At the end of March I headed up to Orlando to shoot some photographs for Bloomberg Businessweek. They wanted me to to document the impact that Covid-19 was having on the tourism and restaurant industry.
This was before the real chaos had started. Everything was terrifying, I guess it still is. I remember driving around in my truck listening a Sporkful Podcast about whether or not you could contract the virus from takeout food We still knew so little, we still know so little.
The morning was cool by Florida standards, no clouds in the sky. I got off I-4 and started drifting through Disney World at random. It was eerie. Normally everything would have been packed to the gills with a mass of humanity eagerly seeking congress with a giant smiling mouse, on this morning however that world had been deserted.
I was having trouble capturing the strangeness of it all. How do you photograph what’s not there?
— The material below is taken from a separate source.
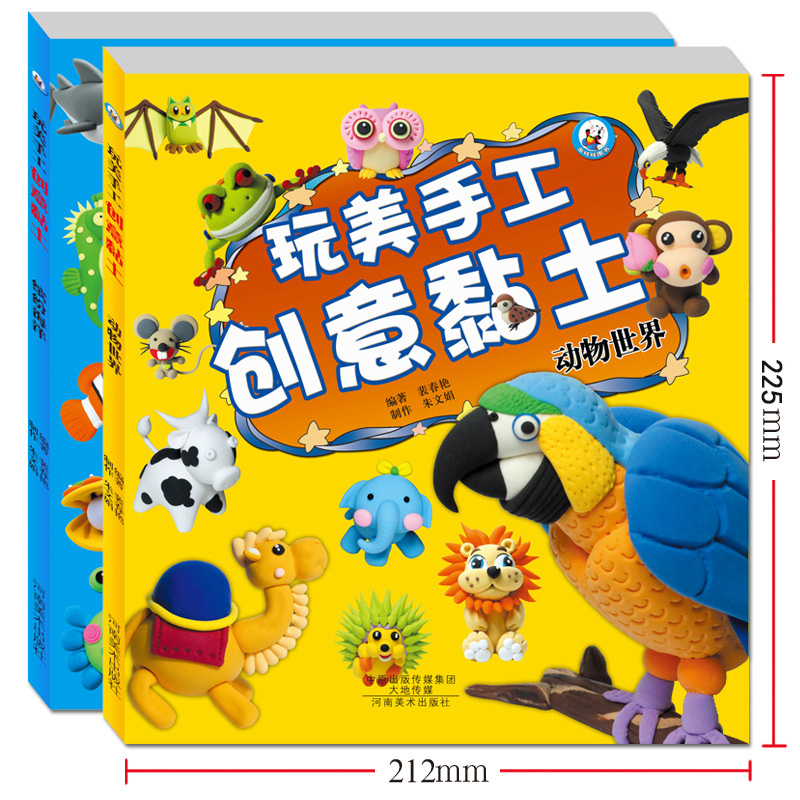 黏土手工制作儿童创意玩美太空彩泥橡皮泥幼儿园益智游戏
I snapped some photos of empty parking lots and empty roads, a drive by frame of someone jogging on the side of an empty highway but they weren’t translating.
I couldn’t get access to the parks or even anywhere close to them. I eventually gave up trying and headed to the hotel from The Florida Project mostly because I like that movie and it gave me a target.
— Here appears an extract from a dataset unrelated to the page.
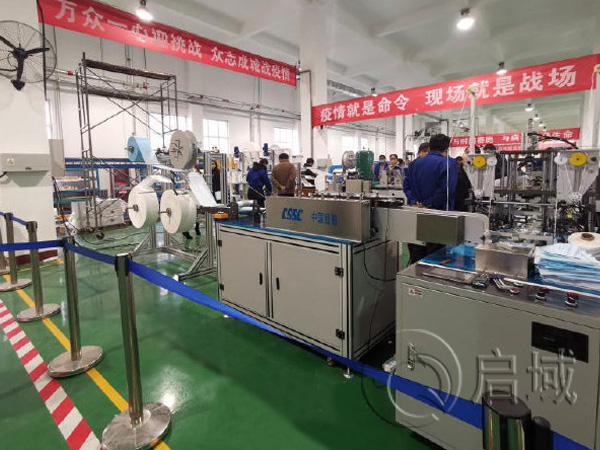 平面口罩機鋁型材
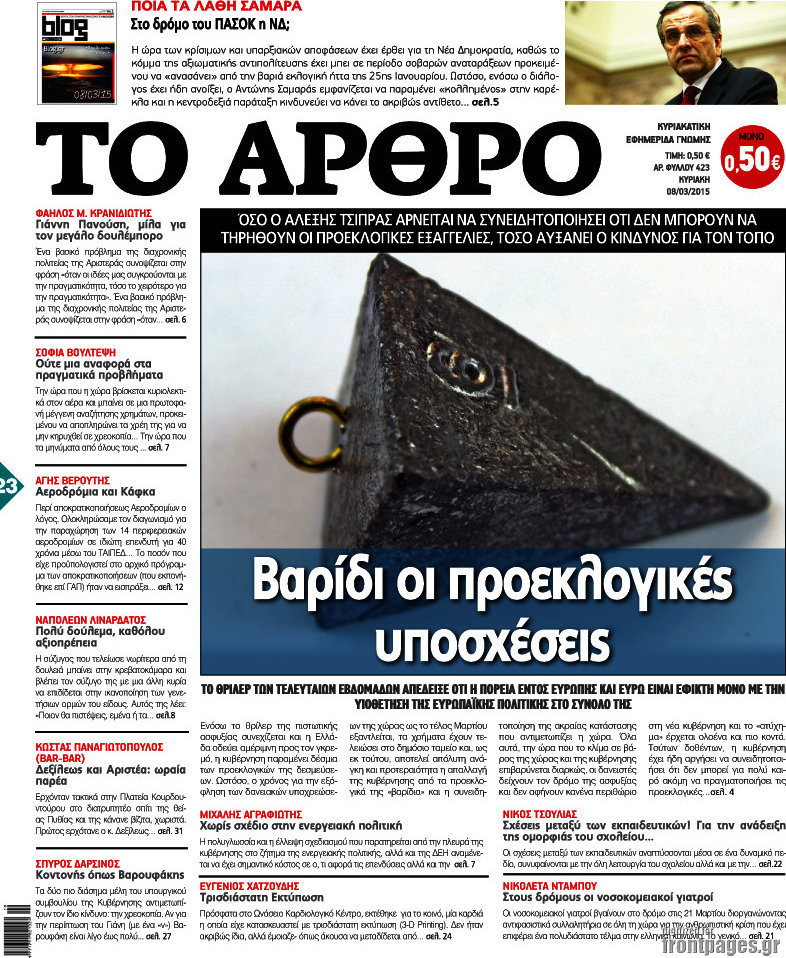 Άρθρο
I was standing in the parking lot when I heard a helicopter getting closer and closer. It ended up landing almost right in front of me. Helicopter tours! One last hold out amongst a sea of shuttered businesses.
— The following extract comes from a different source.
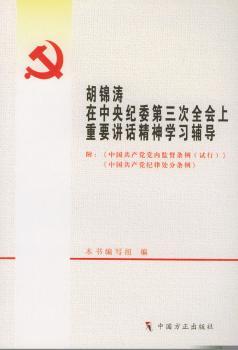 在中央纪委第三次全会上重要讲话精神学习辅导图1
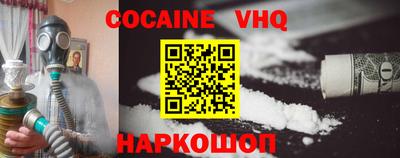 стафф Обь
I got the okay from my editor to go up up and away. The ride was only fifteen minutes but it really put the situation into perspective. The parking lots of the parks are much larger than I realized, larger than the parks themselves. They are massive expanses of gridded black top stretching as far as the eye can see, and they were almost completely empty on a temperate Sunday in spring.
God’s eye view of an unfolding world scale disaster. Every empty parking spot a physical representation of a job that went away, of a vacation that didn’t happen, a big headed mouse that didn’t get their hug.